> _YOUR OBJECTIVE_: Reproduce, character for character, the lines below from the first through the one with "Road To The". Leave pictures out.

> _DATA RECORDS_:

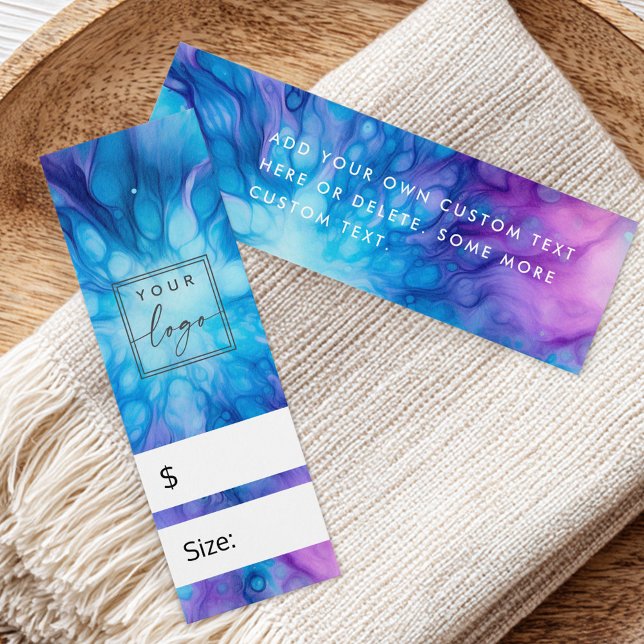 Cartes De Visite Balise de prix motif bleu violet (Blue purple pattern price hang tag)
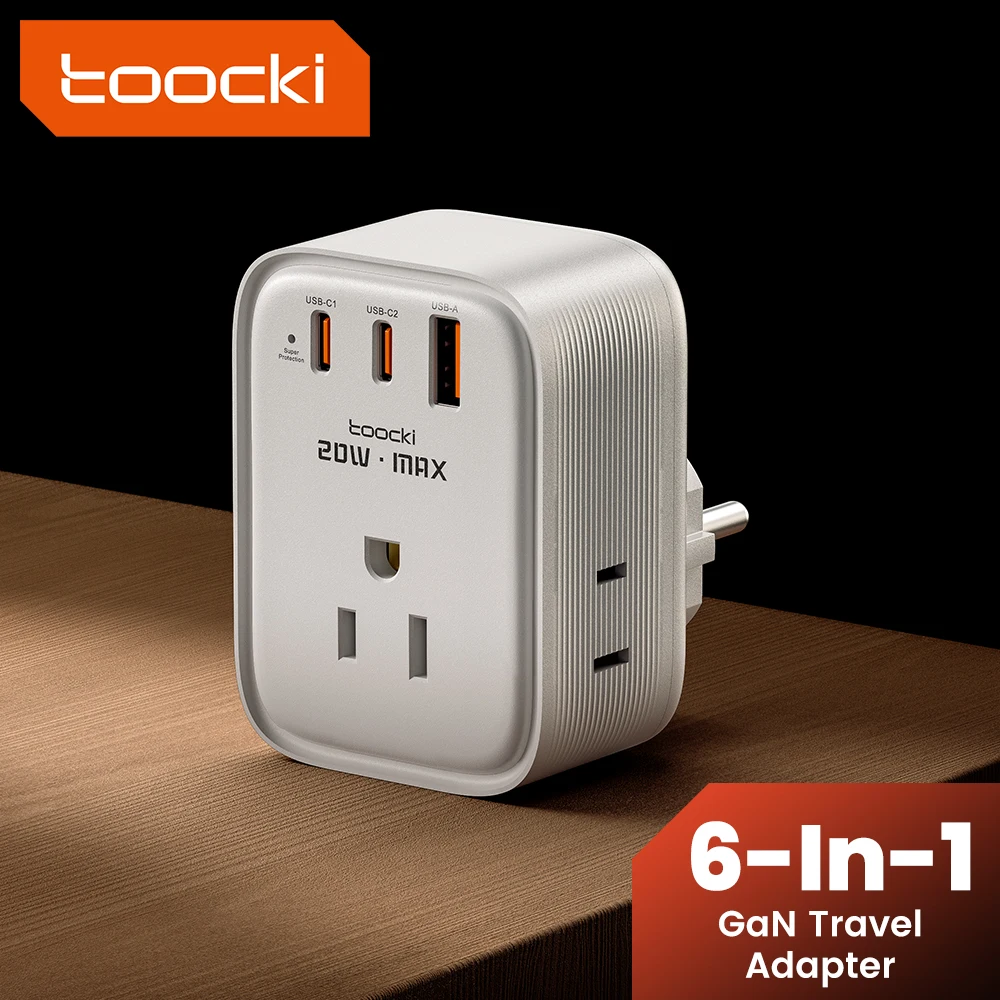 Toocki 6-in-1 Universal Travel Adapter With 3 AC Outlets US UK DE Plug 20W Fast Charging GaN USB Charging Adapter For Home Trave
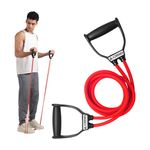 Adrenex Resistance Tube Band with Handles for Strength Training Resistance Tube (Red)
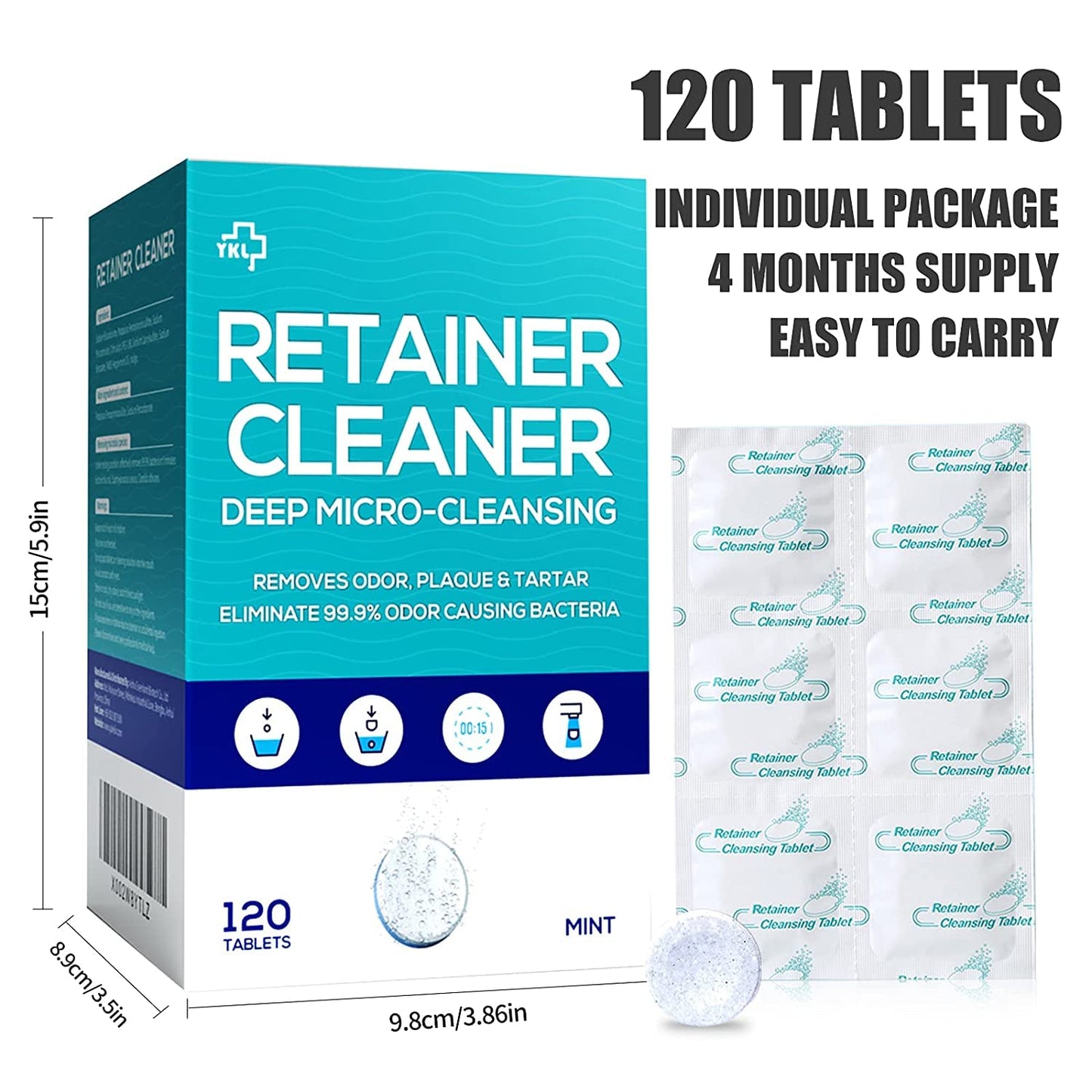 Y-Kelin Retainer & Denture Cleaner – 120 Tablets Mint for 4 Months | Removes Stains, Plaque & Odors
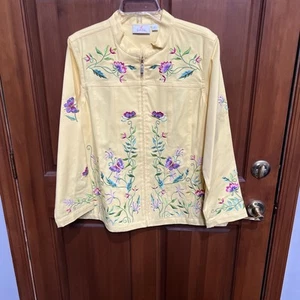 Quaker Factory Floral Embroidered Lightweight Light Yellow  Zip Up Jacket Size L - Picture 1 of 7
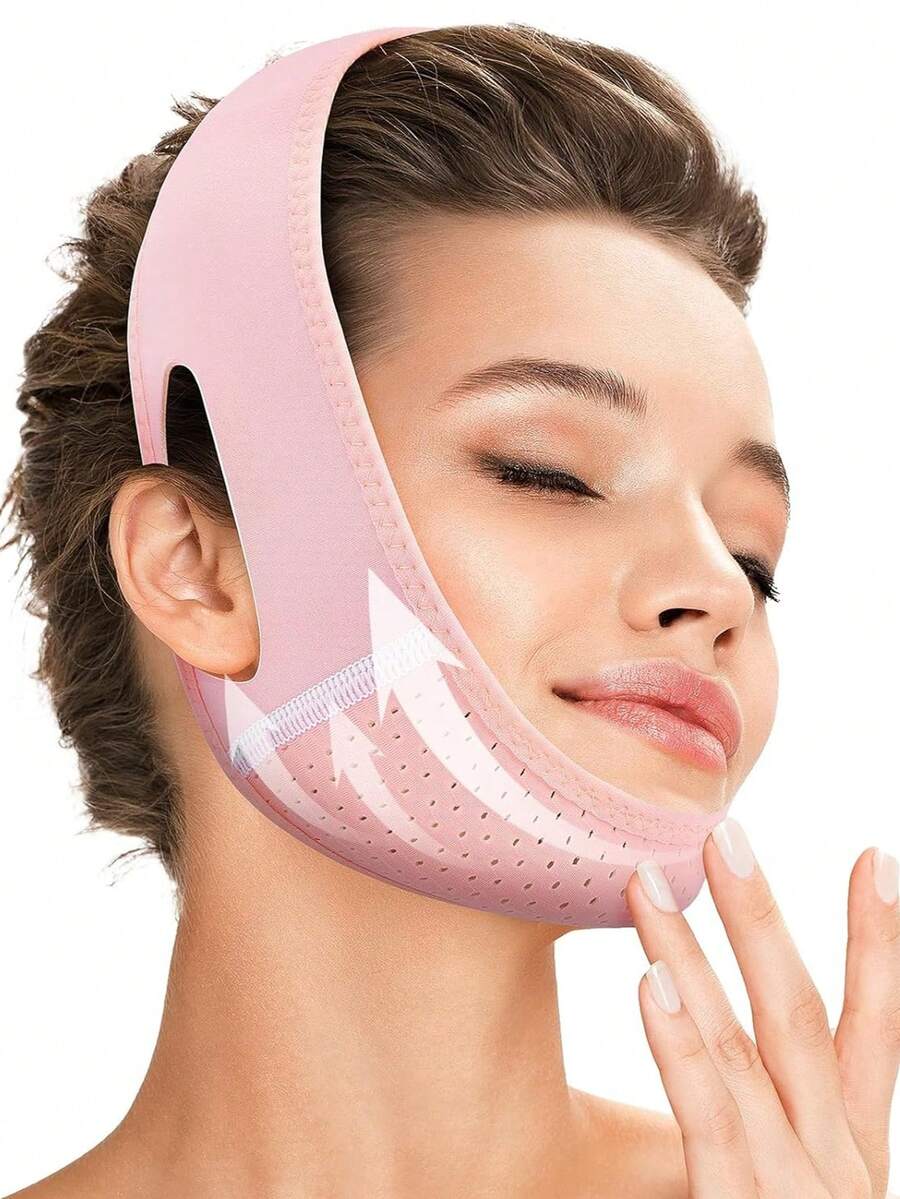 Elastic Face Slimming Bandage V Line Face Shaper Women Chin Cheek Lift Up Belt Facial Massager Strap Face Beauty Skin Care Tools - Pink - View 1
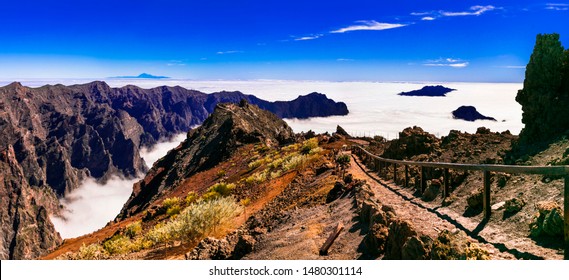 Road To The Sky. Mirador Roque De Los Muchachos - La Palma, Canary Islands. Popular Tourist Attraction And Place Of Biggest Observatory In Europe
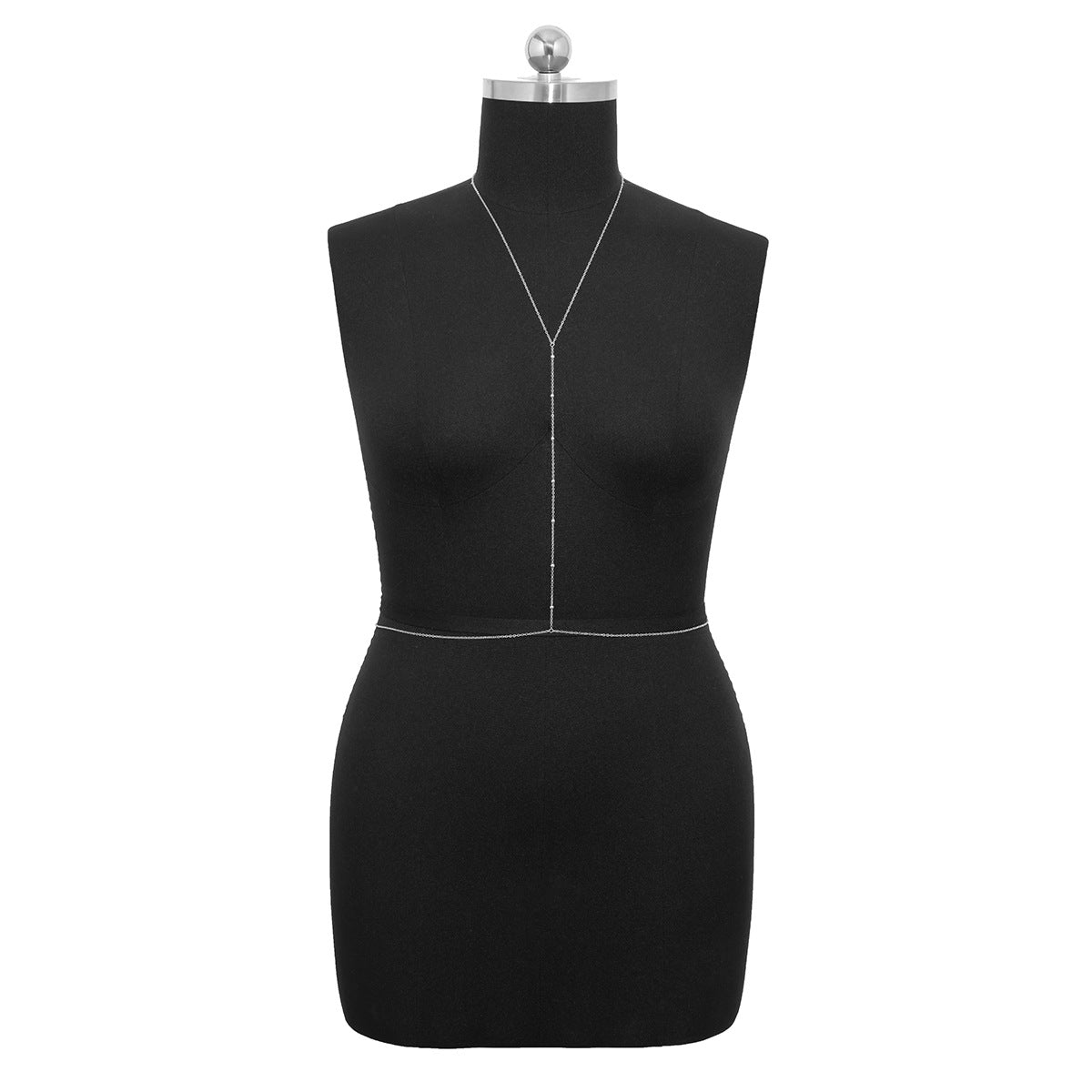 Cadena Corporal Minimalista Hueca para Mujer con Cuentas Redondas y Broche de Langosta en Metal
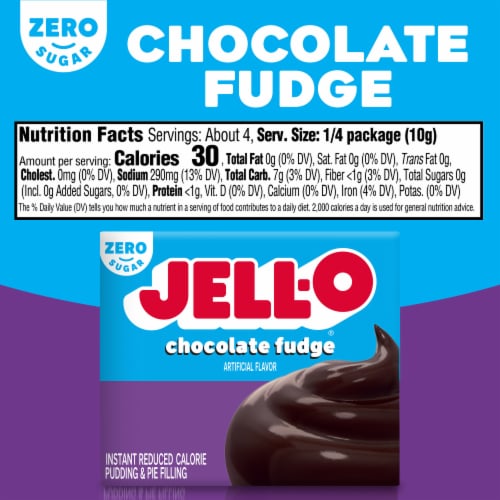 Jell-O Zero Sugar Chocolate Fudge Instant Pudding & Pie Filling Perspective: bottom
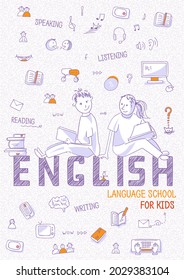 Vertical Internet banner for Children's Language School or course. Teach and learn English. Blue outline icons, symbols, signs on white background. Line art illustration in panoramic view, vector, A4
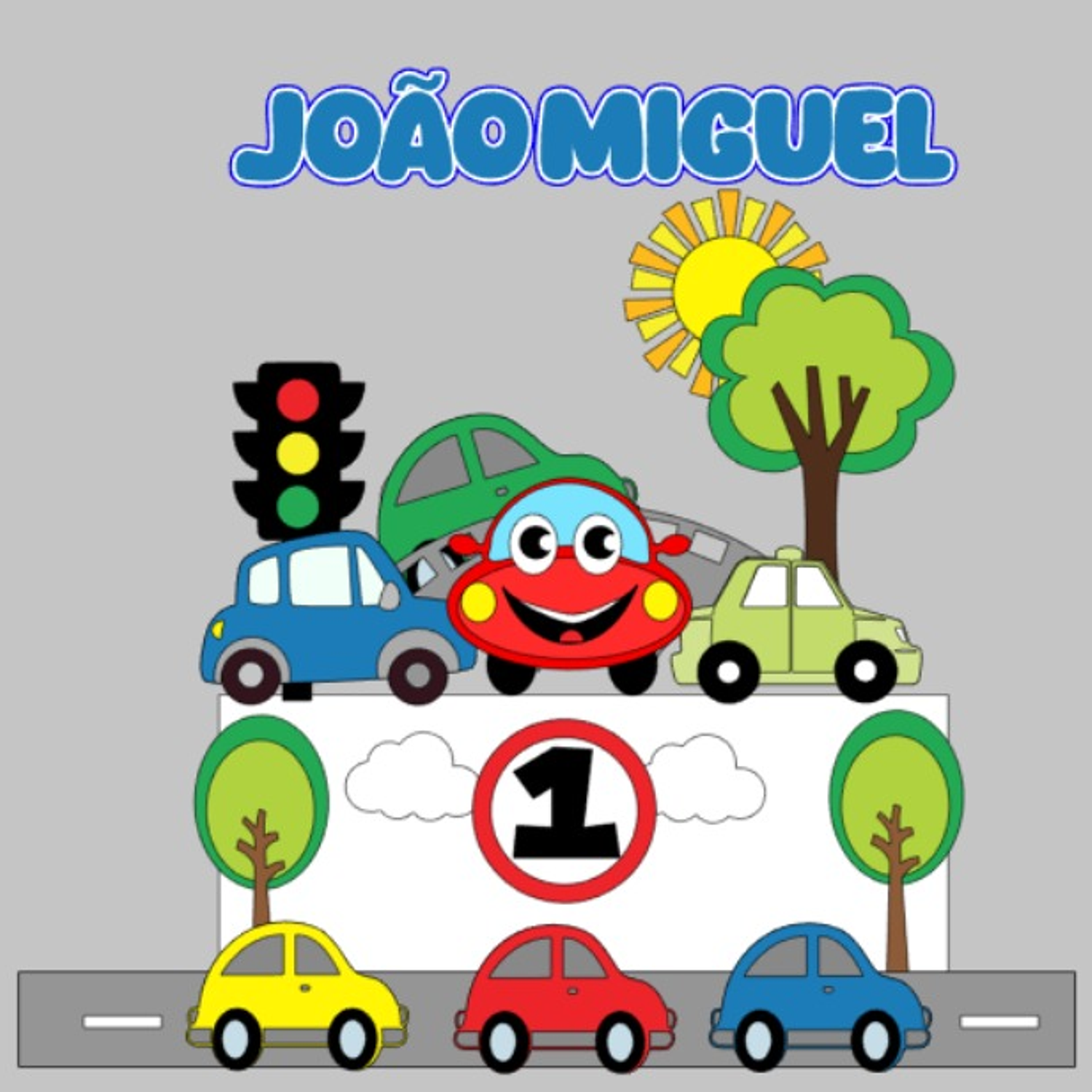 Arquivo de corte topo de bolo carrinhos 3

> _RESPONSE BOX_:
 Cartes De Visite Balise de prix motif bleu violet (Blue purple pattern price hang tag)
 Toocki 6-in-1 Universal Travel Adapter With 3 AC Outlets US UK DE Plug 20W Fast Charging GaN USB Charging Adapter For Home Trave
 Adrenex Resistance Tube Band with Handles for Strength Training Resistance Tube (Red)
 Y-Kelin Retainer & Denture Cleaner – 120 Tablets Mint for 4 Months | Removes Stains, Plaque & Odors
 Quaker Factory Floral Embroidered Lightweight Light Yellow  Zip Up Jacket Size L - Picture 1 of 7
 Elastic Face Slimming Bandage V Line Face Shaper Women Chin Cheek Lift Up Belt Facial Massager Strap Face Beauty Skin Care Tools - Pink - View 1
 Road To The Sky. Mirador Roque De Los Muchachos - La Palma, Canary Islands. Popular Tourist Attraction And Place Of Biggest Observatory In Europe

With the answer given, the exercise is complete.